Kayla gasped for air. This couldn’t be. She hadn’t gotten so close to getting one of her sons back only to stand by while he died right in front of her eyes. She felt Rio’s hand on her shoulder, steadying her as she swayed forward a little. Centering herself, she took another deep breath, willing herself calm.
“But they’re doing everything they can,” Dice said. “Right?”
“Of course,” Spade agreed, sounding more like he was discussing the weather than the life and death situation of a little boy. “But some of these drugs and tests have taken us months, even years to reverse engineer. It’s unfortunate that we’re dealing with children this time around, but I don’t think that really changes anything.”
Kayla could feel something snapping in herself. Before she knew what she was doing, she was hurling her body through the air, ready to punch Spade in the face with all the strength she had. Her flight wasn’t all that long though, because Ryker’s massive arms scooped around her waist and pulled her back with a jerk, her fist a good foot short of her target.
Spade hadn’t moved an inch.
“You fucking cold-hearted psycho,” Kayla spat, her eyes wild with pain. “You knew they were there all along and you didn’t do a fucking thing!”
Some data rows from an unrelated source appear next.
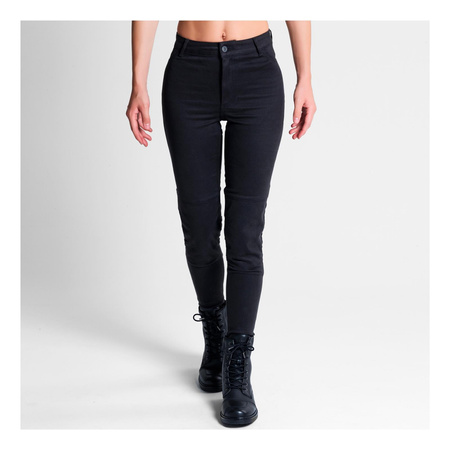 Jeansy motocyklowe damskie SPIDI MOTO LEGGINGS PRO 2 BLACK czarny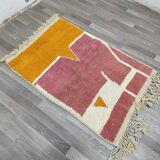 Handmade Beni Ouraine rug, size 100 x 200 cm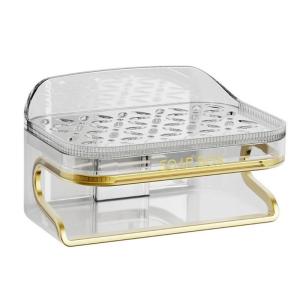 Đĩa đựng xà phòng cho vòi hoa sen phòng tắm Xà phòng cục chủ hai lớp gắn tường xà phòng Savers container với thoát nước Khay xà phòng trường hợp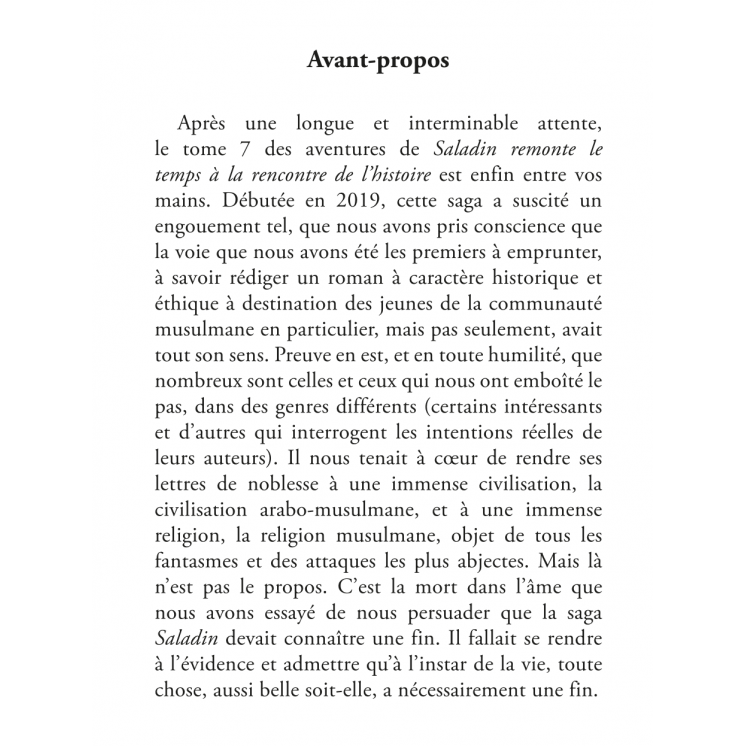 Saladin - Tome VII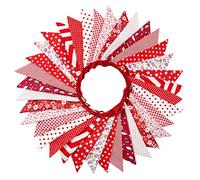 G2PLUS 10M Fanions Guirlande de Fanions Fanion de Couleur Drapeaux de Triangle Décoration Double Face pour Chambre à Coucher,Fêtes d'anniversaire ou Décoration de Mariage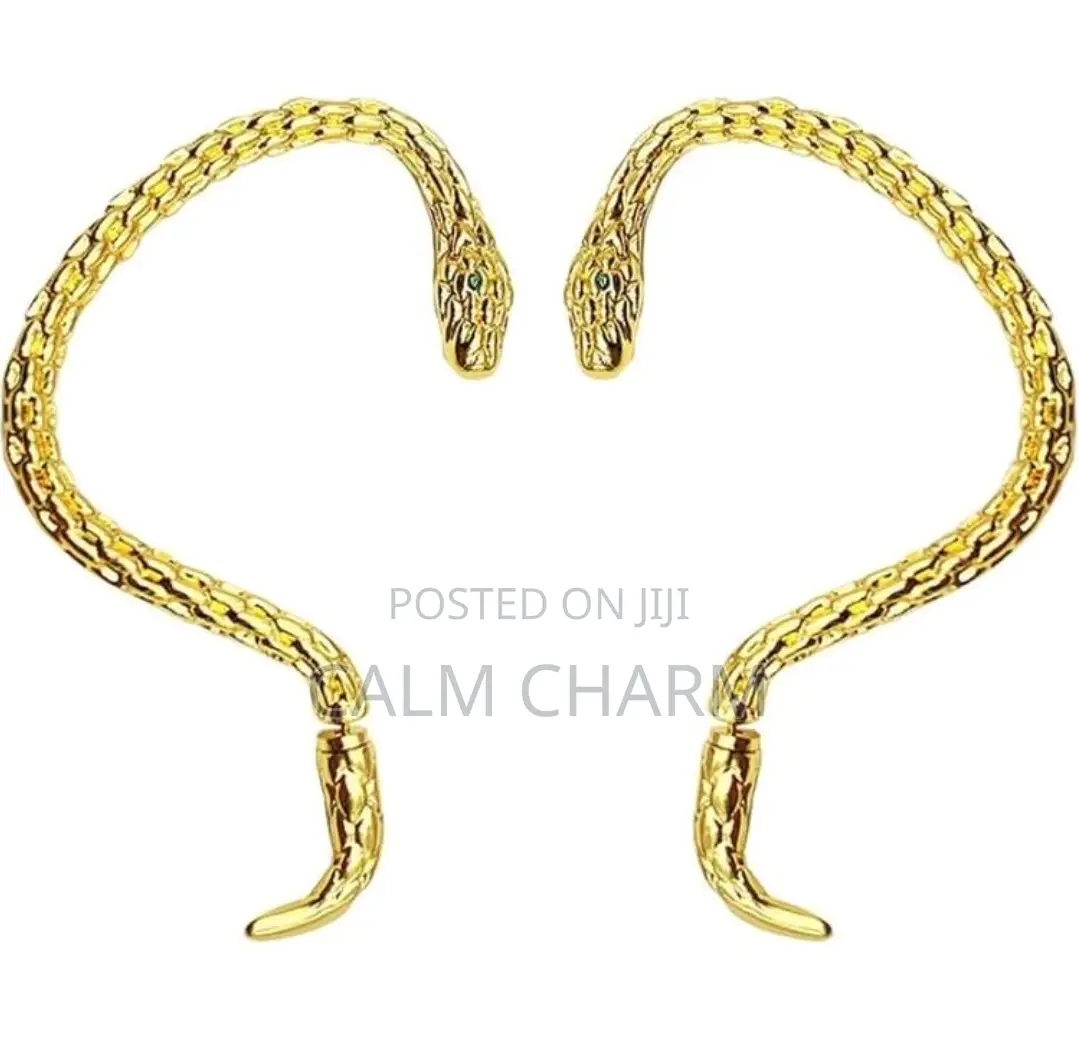 Elegant Snake Shaped Ear Cuff Earrings (Pair) Piercing Required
“It is not my place to change the world, Kayla. Only the bits that are necessary are given that distinction,” Spade commented drily.
“Shh, baby,” Ryker whispered in her ear, his voice almost indecipherably low. “He’ll get his when the time comes.”
Kayla made no illusions that the only reason Ryker had stopped her was because he was worried about her well-being, not that he was particularly keen on saving Spade some well-deserved pain. Rationally, she knew that. Irrationally, she still struggled against Ryker’s hold even now.